Six ans à peine après la contestation massive du mariage de personnes de même sexe, une capitulation anticipée face à la volonté politique majoritaire de réécrire le droit de la filiation, semble pour certains une sage option. D’ailleurs, la foi chrétienne n’assure-t-elle pas la beauté d’une Origine qui dépasse les modalités de notre commencement ? « Après tout… A quoi bon … et de toute façon, Dieu nous assume et nous aime. Nos errances ne sont-elles pas le lieu de la rencontre de sa miséricorde ? » Pour consolante que soit cette vision des choses, elle ratifie la totale soumission de la société aux revendications catégorielles. Or, la mission des baptisés ne consiste-t-elle pas justement à oser un optimisme de la raison face à la foi technologique ? L’Esprit-Saint trouve dans l’esprit de chaque personne son lieu d’action de prédilection. La résignation de Martin Stephens enjambe la réalité du débat parlementaire à venir. Il faut redire qu’il n’y a de lois de bioéthiques, qu’issues des travaux du Parlement. Les institutions républicaines souffrent et si le pilonnage médiatique finit par façonner des options dans toutes les consciences, les députés et les sénateurs doivent retrouver toute l’estime de l’opinion publique, afin de prendre la mesure de leur responsabilité. C’est parce que nous négligeons la valeur de leur liberté de conscience, que nous refusons de voir les pressions qu’ils endurent dans l’arène politique, économique et médiatique. Les idéologies se nourrissent toujours du renoncement des consciences.

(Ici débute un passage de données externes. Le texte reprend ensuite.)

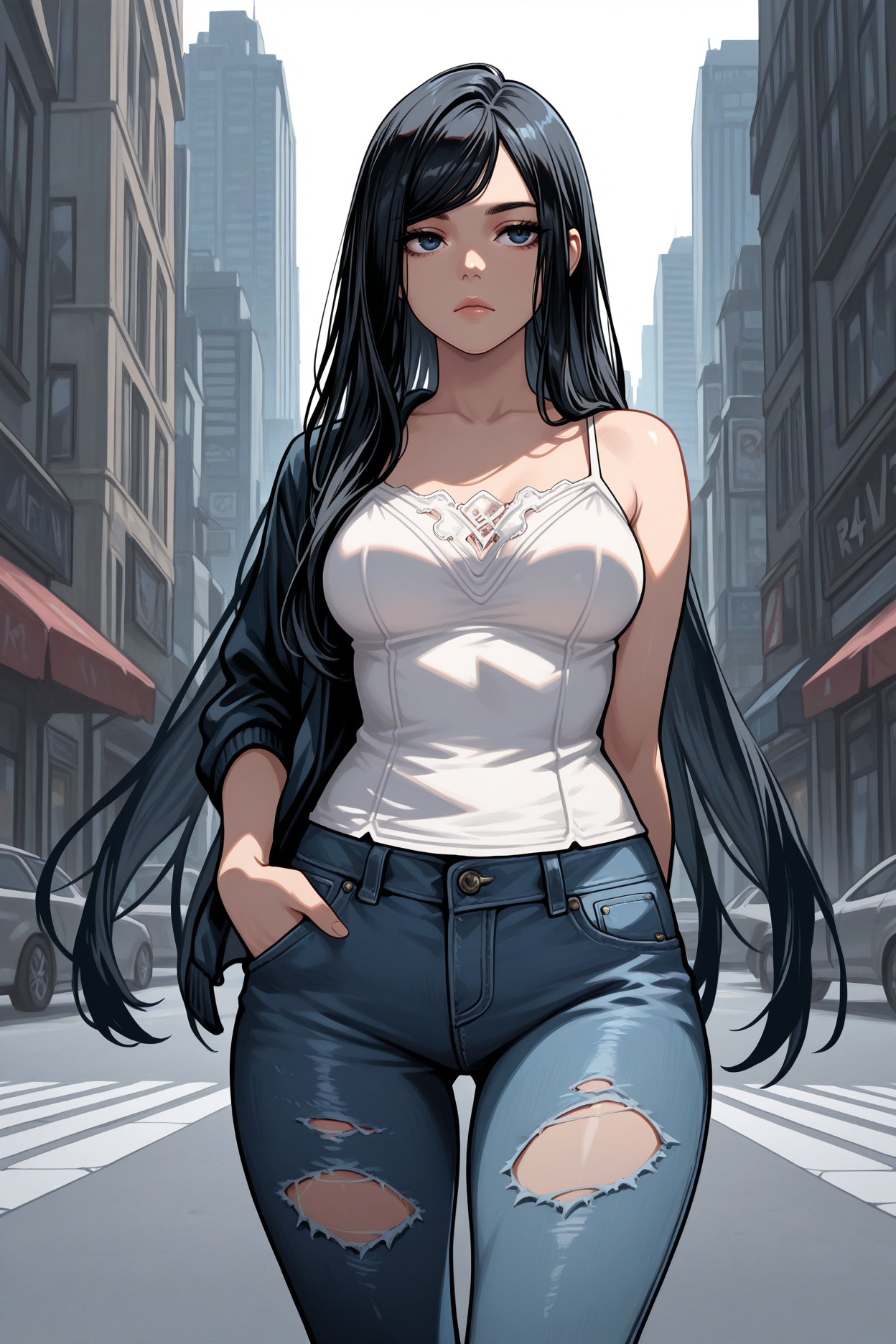masterpiece, best quality, 1girl, solo, <lora:sbraven-illu-nvwls-v1:1> r4ven, black hair, swept bangs, very long hair, dark blue eyes, medium breasts, lips, white camisole, single shoulder, blue jeans, torn jeans, hand in pocket, lips, arms behind back, city, expressionless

La gnose technoscientifique avance sur le tapis rouge de notre mutisme face à la puissance de son expression médiatique. Les chantres d’un avenir technicisé font oublier que tout passe encore par le travail du législateur. C’est vers lui qu’il faut se tourner, c’est en lui que l’action de l’Esprit dans les âmes peut dévoiler avec douceur la splendeur de la vérité. La fierté ne se trouve pas dans la victoire contre un autre, mais dans la vaillance avec laquelle nous aurons plaidé, et été trouvés lorsqu’il nous sera demandé ce que nous avons fait des talents qui nous furent confiés pour les autres.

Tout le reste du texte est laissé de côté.